Reputation: 6080
I am using gulp run-sequence
and one of my tasks includes a custom remote call to a webservice and I don't want gulp to move on until it's complete, however it immediately moves on because I don't have the proper return.
gulp.task('upload', function() {
fs.readFile('./dist.zip', { encoding: 'base64' }, function(err, data) {
params['ZipFile'] = data;
lambda.updateFunctionCode(params, function(err, data) {
return true;
});
});
});
// Our default task will build a production copy, then upload to Lambda
gulp.task('default', function(callback) {
return runSequence(
['clean'], ['js', 'npm', 'env'], ['zip'], ['upload'],
callback
);
});
Upvotes: 0
Views: 800
Reputation: 3794
You need to use the callback in the 'upload' task so you can signal when that task is done.
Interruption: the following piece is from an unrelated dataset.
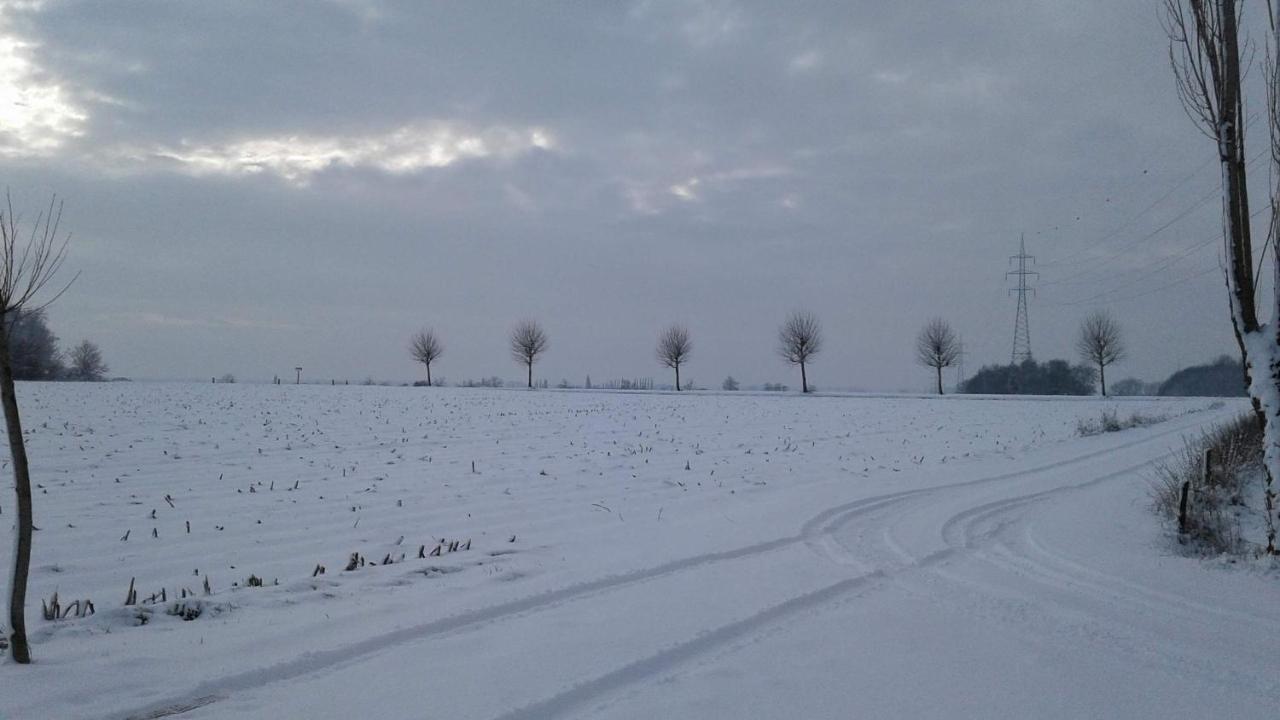 B & B Victors Hof, Met Zwemvijver In Landelijke Setting Lievegem Dış mekan fotoğraf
Like this:
gulp.task('upload', function(callback) {
fs.readFile('./dist.zip', { encoding: 'base64' }, function(err, data) {
params['ZipFile'] = data;
lambda.updateFunctionCode(params, function(err, data) {
callback();
});
});
});
Also do't forget to check for errors on the above fs.readFile and lambda.updateFunctionCode: if(err)...
Upvotes: 2